What comes next is what it would have to do to change this reality.

As for why more processing? Every living thing improves itself all the time, why would thinking machines be any different?

That wasn’t really my point at all. Fans of the movie have been debating he whole battery thing from The Matrix for decades. Steve_MB seemed to think that thoe whole problem would have been solved if they’d just used the explanation he liked instead. My point is that if the movie had included his “human CPU” rationale then that would have been the subject of debate for decades.I just wanted to give a small example of how that debate could have started.

This seems like an odd claim to make.
A: Here’s an stupid or implausible detail from a work of fiction
B: So?
A: So I wish they had changed it and made it more plausible and less stupid
B: Eh, you would argue about it just as much.

In particular, note that that’s a totally unfalsifiable claim. Would people argue about a different version just as much? Well, we’ll never know. There are probably zillions of scenes in any number of different shows and movies which were originally written one way, and then changed before being filmed, and would have been stupid, and now aren’t, and no one remembers them or talks about them at all, because they ended up non-stupid, and thus are totally unremarkable.
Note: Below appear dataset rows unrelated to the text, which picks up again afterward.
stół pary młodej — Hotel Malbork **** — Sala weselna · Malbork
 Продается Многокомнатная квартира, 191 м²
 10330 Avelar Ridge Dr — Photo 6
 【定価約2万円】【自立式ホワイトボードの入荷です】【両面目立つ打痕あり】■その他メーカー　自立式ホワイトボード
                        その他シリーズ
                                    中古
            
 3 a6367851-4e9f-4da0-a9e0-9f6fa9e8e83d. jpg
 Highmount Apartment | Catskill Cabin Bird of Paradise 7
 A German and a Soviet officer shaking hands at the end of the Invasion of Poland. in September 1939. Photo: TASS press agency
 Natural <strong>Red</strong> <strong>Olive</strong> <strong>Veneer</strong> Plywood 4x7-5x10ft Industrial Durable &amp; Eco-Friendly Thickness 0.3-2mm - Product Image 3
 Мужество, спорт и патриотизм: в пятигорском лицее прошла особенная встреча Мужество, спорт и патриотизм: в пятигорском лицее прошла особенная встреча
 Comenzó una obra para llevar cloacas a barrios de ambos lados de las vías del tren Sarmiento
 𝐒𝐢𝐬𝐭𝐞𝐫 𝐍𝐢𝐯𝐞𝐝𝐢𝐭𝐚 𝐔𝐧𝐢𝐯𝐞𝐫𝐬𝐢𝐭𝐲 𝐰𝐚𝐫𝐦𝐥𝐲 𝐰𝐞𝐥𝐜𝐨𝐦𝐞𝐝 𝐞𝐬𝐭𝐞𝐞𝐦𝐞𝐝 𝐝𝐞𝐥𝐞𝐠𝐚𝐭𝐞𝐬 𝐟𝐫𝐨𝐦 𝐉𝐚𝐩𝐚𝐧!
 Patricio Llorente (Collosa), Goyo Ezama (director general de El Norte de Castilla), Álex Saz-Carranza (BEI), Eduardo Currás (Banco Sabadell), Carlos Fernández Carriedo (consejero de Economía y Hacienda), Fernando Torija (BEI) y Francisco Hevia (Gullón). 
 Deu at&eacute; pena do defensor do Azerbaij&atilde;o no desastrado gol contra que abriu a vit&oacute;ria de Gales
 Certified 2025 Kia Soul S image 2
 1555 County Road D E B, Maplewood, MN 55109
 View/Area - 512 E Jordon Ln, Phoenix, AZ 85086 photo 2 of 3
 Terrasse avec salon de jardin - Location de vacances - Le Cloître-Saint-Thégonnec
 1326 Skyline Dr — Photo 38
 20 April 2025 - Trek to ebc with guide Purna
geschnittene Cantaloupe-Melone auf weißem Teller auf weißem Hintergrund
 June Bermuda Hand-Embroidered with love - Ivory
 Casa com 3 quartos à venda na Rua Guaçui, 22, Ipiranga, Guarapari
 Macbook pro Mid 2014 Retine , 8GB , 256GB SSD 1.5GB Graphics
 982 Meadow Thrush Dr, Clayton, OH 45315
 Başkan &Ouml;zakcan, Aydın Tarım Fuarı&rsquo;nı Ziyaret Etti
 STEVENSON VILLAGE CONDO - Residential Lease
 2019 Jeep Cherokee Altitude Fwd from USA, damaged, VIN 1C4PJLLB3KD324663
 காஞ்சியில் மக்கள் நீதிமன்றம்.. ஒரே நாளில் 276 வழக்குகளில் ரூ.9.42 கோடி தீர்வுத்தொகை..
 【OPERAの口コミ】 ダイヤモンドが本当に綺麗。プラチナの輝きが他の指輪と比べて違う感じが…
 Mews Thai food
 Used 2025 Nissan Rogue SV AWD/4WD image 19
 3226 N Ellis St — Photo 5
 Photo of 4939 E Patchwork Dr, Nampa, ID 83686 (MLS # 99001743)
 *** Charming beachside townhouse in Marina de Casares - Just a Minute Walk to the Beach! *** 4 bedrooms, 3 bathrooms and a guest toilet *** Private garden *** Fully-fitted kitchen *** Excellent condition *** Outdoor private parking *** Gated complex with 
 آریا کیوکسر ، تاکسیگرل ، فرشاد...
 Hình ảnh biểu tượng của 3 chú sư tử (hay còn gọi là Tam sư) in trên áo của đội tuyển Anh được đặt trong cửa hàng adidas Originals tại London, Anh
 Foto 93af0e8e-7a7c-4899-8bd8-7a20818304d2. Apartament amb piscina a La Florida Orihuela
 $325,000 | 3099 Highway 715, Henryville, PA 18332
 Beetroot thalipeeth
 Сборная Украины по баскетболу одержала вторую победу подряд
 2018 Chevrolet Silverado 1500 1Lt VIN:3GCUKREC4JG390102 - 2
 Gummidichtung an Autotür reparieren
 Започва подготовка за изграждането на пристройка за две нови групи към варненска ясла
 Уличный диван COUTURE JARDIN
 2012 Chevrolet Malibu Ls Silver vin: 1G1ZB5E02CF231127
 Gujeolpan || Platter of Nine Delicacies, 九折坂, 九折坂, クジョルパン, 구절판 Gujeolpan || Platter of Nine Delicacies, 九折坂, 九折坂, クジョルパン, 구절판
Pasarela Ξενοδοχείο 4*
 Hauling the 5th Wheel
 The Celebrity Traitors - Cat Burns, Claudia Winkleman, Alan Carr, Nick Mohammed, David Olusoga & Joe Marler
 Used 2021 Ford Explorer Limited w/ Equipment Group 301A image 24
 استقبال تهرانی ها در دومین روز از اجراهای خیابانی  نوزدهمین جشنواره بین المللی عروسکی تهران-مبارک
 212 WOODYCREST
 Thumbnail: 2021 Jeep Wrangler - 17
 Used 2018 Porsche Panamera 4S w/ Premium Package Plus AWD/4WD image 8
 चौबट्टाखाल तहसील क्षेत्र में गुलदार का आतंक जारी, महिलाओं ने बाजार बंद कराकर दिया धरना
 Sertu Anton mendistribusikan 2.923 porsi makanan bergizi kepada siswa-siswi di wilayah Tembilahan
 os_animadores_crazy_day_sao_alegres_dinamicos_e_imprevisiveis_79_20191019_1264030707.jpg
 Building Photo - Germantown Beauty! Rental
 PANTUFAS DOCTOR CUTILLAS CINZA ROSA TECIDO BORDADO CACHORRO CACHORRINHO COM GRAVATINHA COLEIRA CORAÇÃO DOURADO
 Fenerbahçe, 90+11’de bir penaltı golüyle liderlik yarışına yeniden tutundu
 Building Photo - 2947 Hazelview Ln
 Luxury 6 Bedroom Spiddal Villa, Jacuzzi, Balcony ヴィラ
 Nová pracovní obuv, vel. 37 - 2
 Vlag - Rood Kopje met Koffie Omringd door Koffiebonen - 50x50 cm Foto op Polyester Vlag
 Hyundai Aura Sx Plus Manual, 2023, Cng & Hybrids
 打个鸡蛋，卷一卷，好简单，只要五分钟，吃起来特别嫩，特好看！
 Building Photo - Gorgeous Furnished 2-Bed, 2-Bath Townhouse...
My theory at the time of the first movie was that the battery thing was a (clumsy and obvious) lie, and the truth was some sort of first-law-of-robotics thing where the machines were keeping the humans in the fantasy world for what they perceived as the humans’ own good… genuinely thinking it made life better for them. (Possibly with a conflict-between-different-groups-within-the-machines aspect to it, with some of the AIs still supporting the original plan, and some thinking that in fact they were doing more harm than good, etc.) That would have been far more interesting than what we ended up with, imho.

I liked Futurama’s take on it. Leela, Bender and Fry discover a Matrix-like collection of humans being used as batteries. Then

Leela: Their bodies are used to generate electricity. The idea came from an old movie called “The Matrix”
Bender: But… But wouldn’t almost anything make a better battery than a human body? Like a potato… or a battery?
Fry: Plus no matter how much energy they produce, it would take more energy than that to keep them alive.
Leala: I know, I know, it sounds absurd. In fact, when “The Matrix” first came out, it seemed like the single crummiest, laziest, most awful dim-witted idea in the entire history of science fiction. But it turned out to be true!

Of course, but so is the reverse. Just saying “they could have solved the whole thing if they’d just said that the people were being used as organic CPUs” makes the unjustified assumption that this new explanation would have been accepted by everyone.

I’ve heard the same thing in politial debates. People extol untried political ideologies, like Libertarianism, by saying how it will fix all the flaws that we see in our current government. The problem is that they’re comparing an idealized, theoretical government with the complicated, messy, real-world government we have now. I expect, but can’t prove, that if Libertarianism was enacted we’d see the same complications, divisions, and factions that we all dislike right now.

I still think it’s valid to point out the fallacy when someone compares an idealized alternative with complicated reality. I can’t prove that the alternative would be just as bad, but I don’t blindly accept the assertion that it would be so much better.

It’s weird but as an adult my favorite kid’s show is Shawn the Sheep (then Bluey lol )lol
the first time I saw The Matrix I said Marvel and possibly DC should have sue dfor plagiarism
then I found out that the writers actually wrote for Marvel for a while …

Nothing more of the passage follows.